*** DATA SECTION Section Begins ***

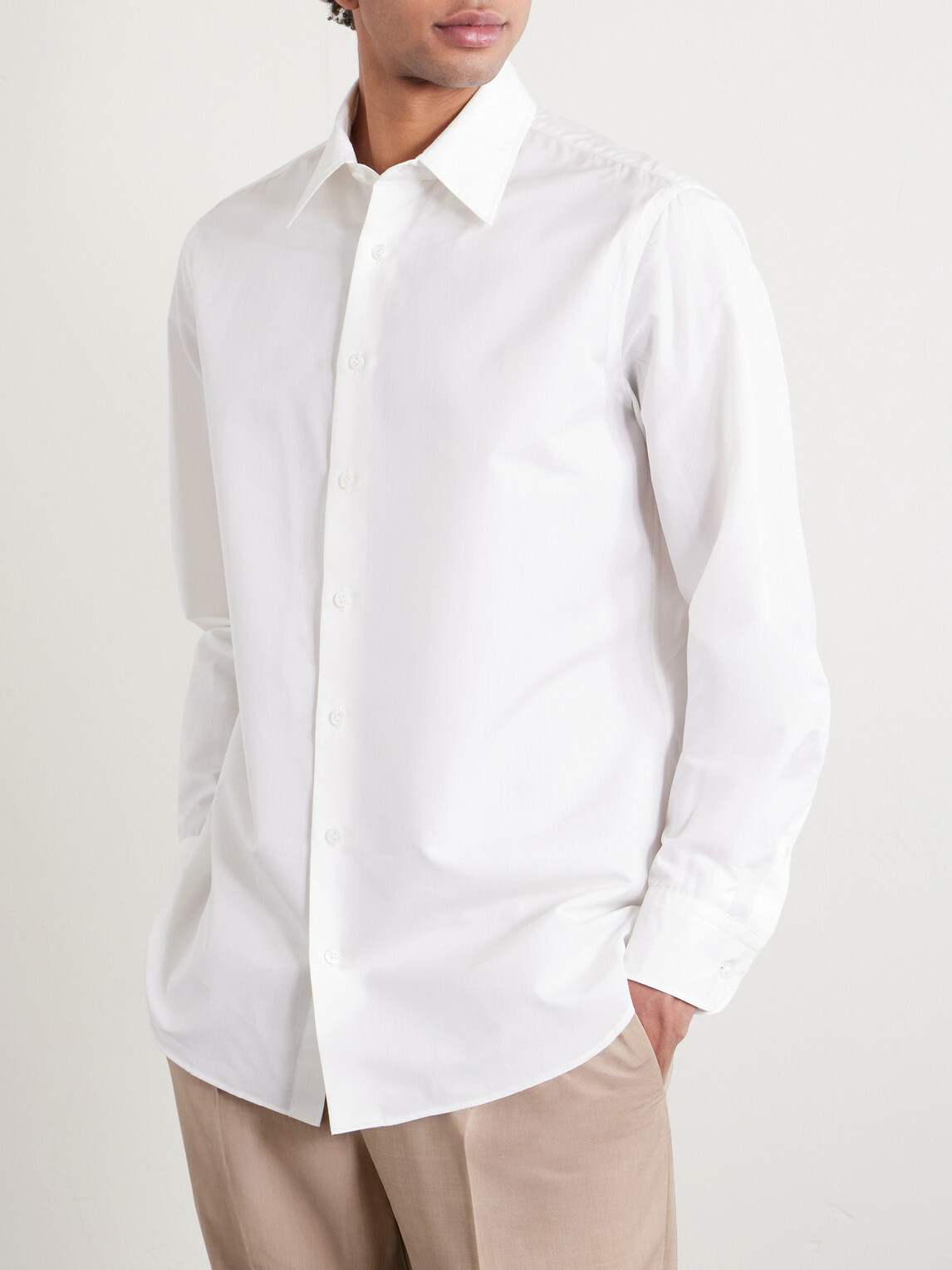 Lardini - Naven Cotton and Silk-Blend Shirt - White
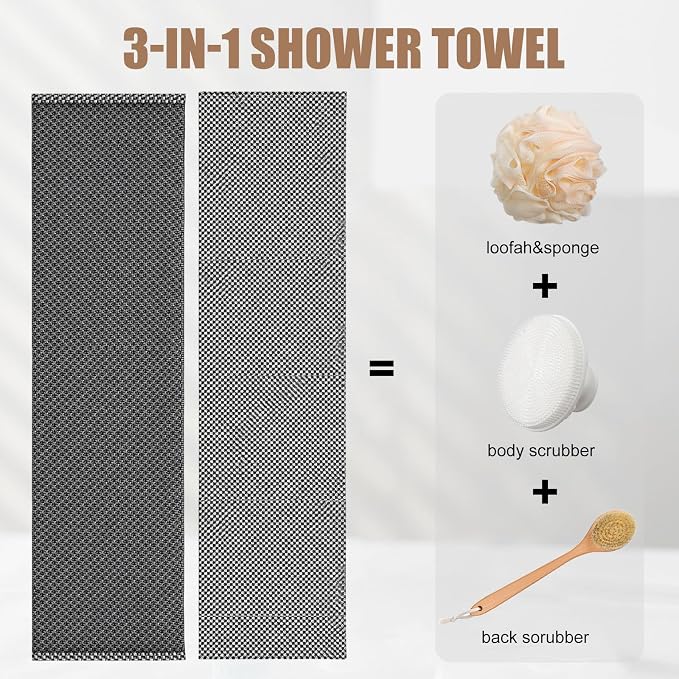 Mindsoft 1 Pcs Exfoliating Shower Towel Premium Scrub Wash Cloth for Body Face 2-in-1 Shower Towel for Smooth Skin Exfoliating Washcloth with 2 Sides for All Skin Types for Women Men (Black)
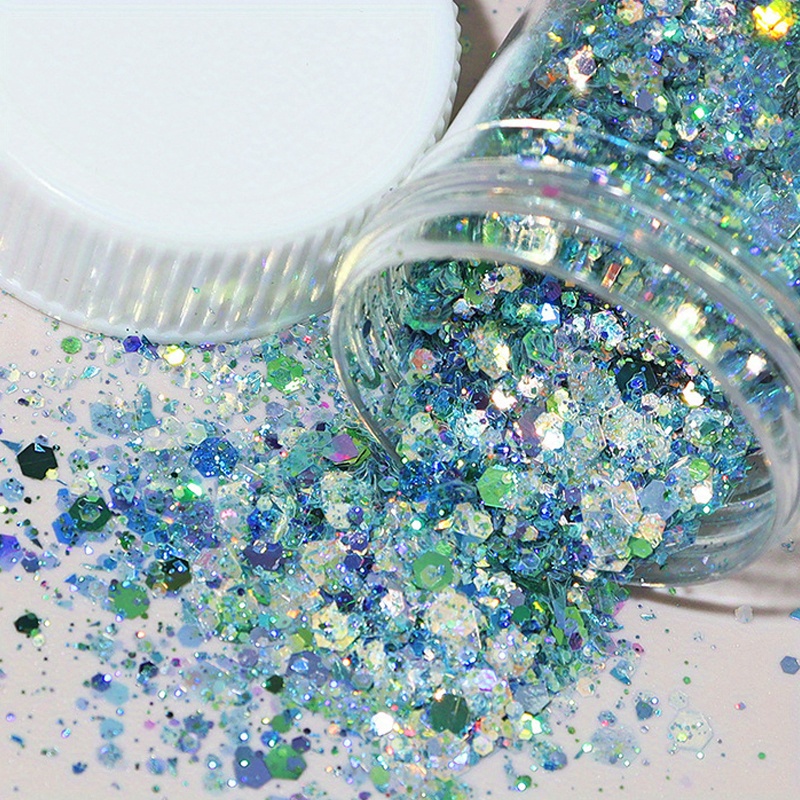 Holographic Nail Glitter, 12Girds 3D Laser Silver Nails Art Glitter Sequins  Metallic Shining Flakes Acrylic Powder Dust Sequins for Manicure Tips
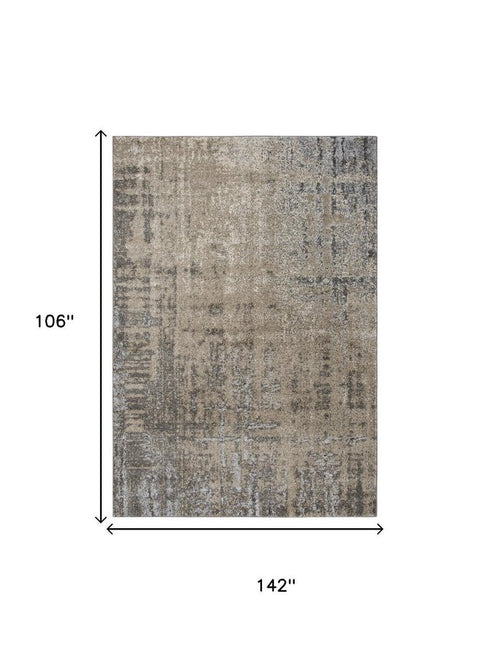 9' X 12' Silver Beige And Taupe Abstract Area Rug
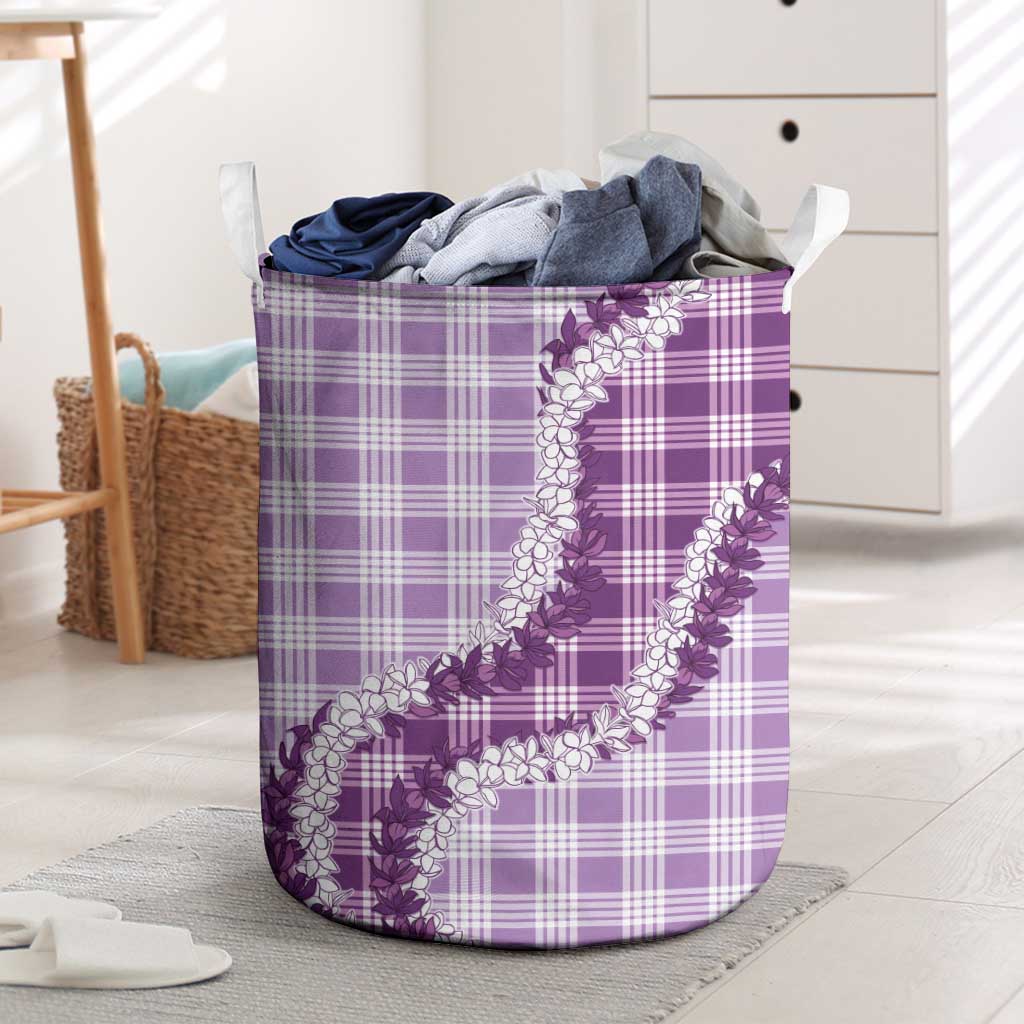 Violet Hawaii Palaka Laundry Basket Hawaiian Honohono Lei LT05 Violet - Polynesian Pride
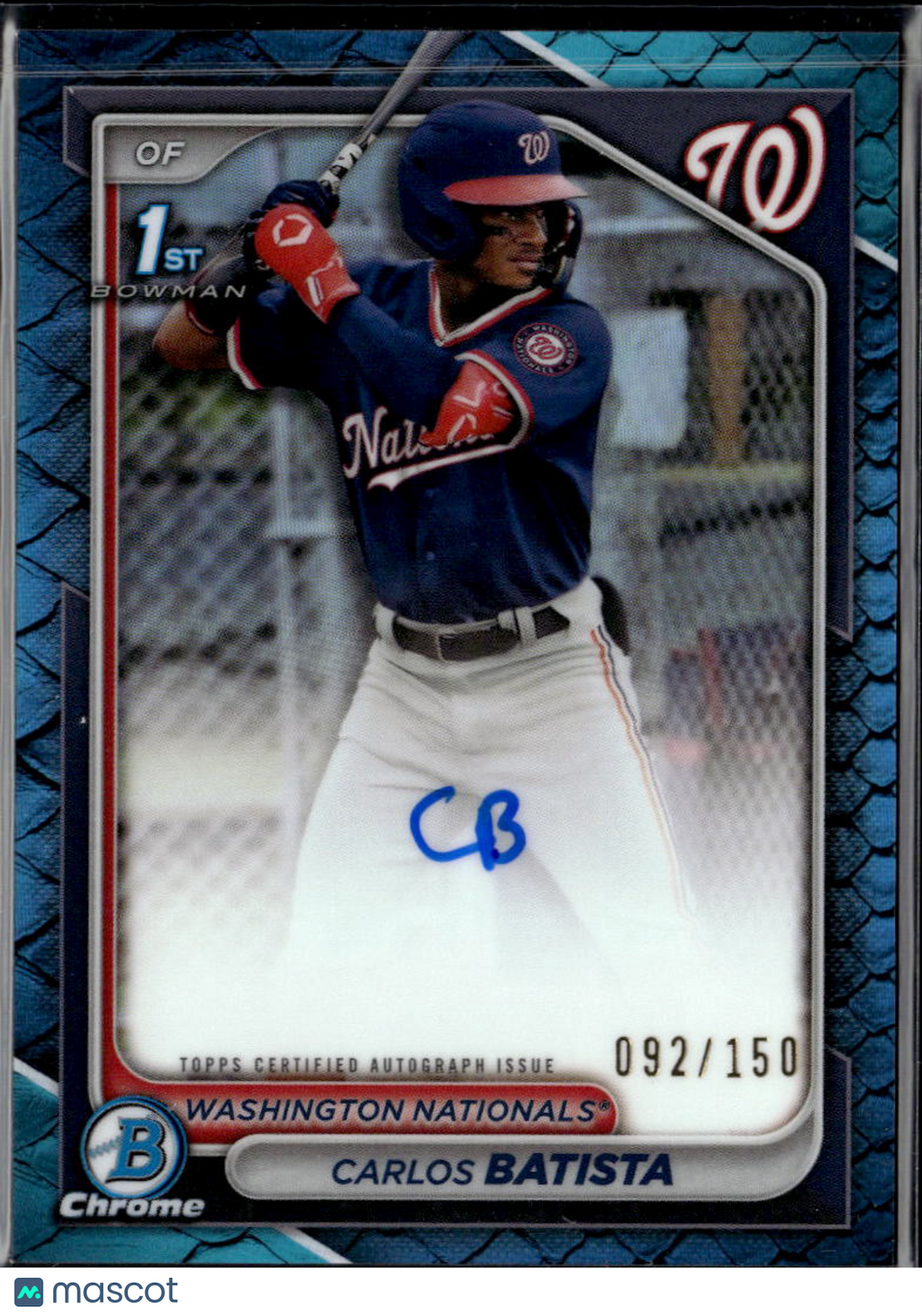 Carlos Batista 2024 Bowman Chrome 1st Auto Autograph 92/150 Washington Nationals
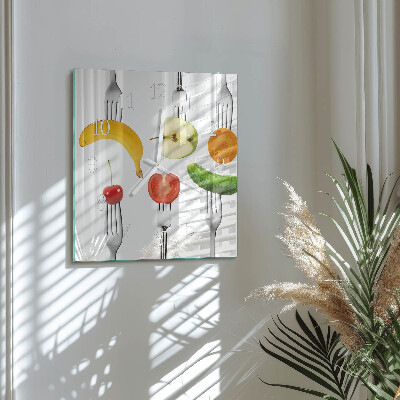 Vierkante glazen wandklok Fruit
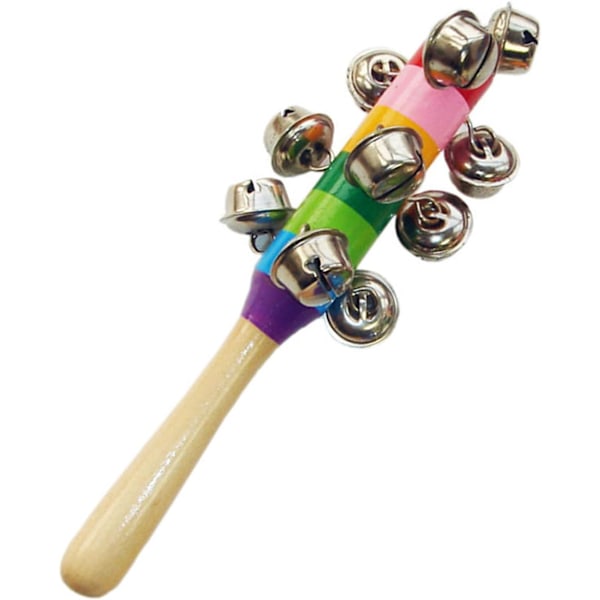 Træ Jingle Bell Stick Farverigt Håndtag Bell Stick Udvikle Musikalske Evner Interaktivt Legetøj med Glatte Overflader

*** DATA SECTION Section Ends ***

WHAT TO WORK ON: Your answer must be an exact copy of the records, with no pictures in it.

WORKED SOLUTION:
 Lardini - Naven Cotton and Silk-Blend Shirt - White
 Mindsoft 1 Pcs Exfoliating Shower Towel Premium Scrub Wash Cloth for Body Face 2-in-1 Shower Towel for Smooth Skin Exfoliating Washcloth with 2 Sides for All Skin Types for Women Men (Black)
 Holographic Nail Glitter, 12Girds 3D Laser Silver Nails Art Glitter Sequins  Metallic Shining Flakes Acrylic Powder Dust Sequins for Manicure Tips
 9' X 12' Silver Beige And Taupe Abstract Area Rug
 Violet Hawaii Palaka Laundry Basket Hawaiian Honohono Lei LT05 Violet - Polynesian Pride
 Carlos Batista 2024 Bowman Chrome 1st Auto Autograph 92/150 Washington Nationals
 Vierkante glazen wandklok Fruit
 Træ Jingle Bell Stick Farverigt Håndtag Bell Stick Udvikle Musikalske Evner Interaktivt Legetøj med Glatte Overflader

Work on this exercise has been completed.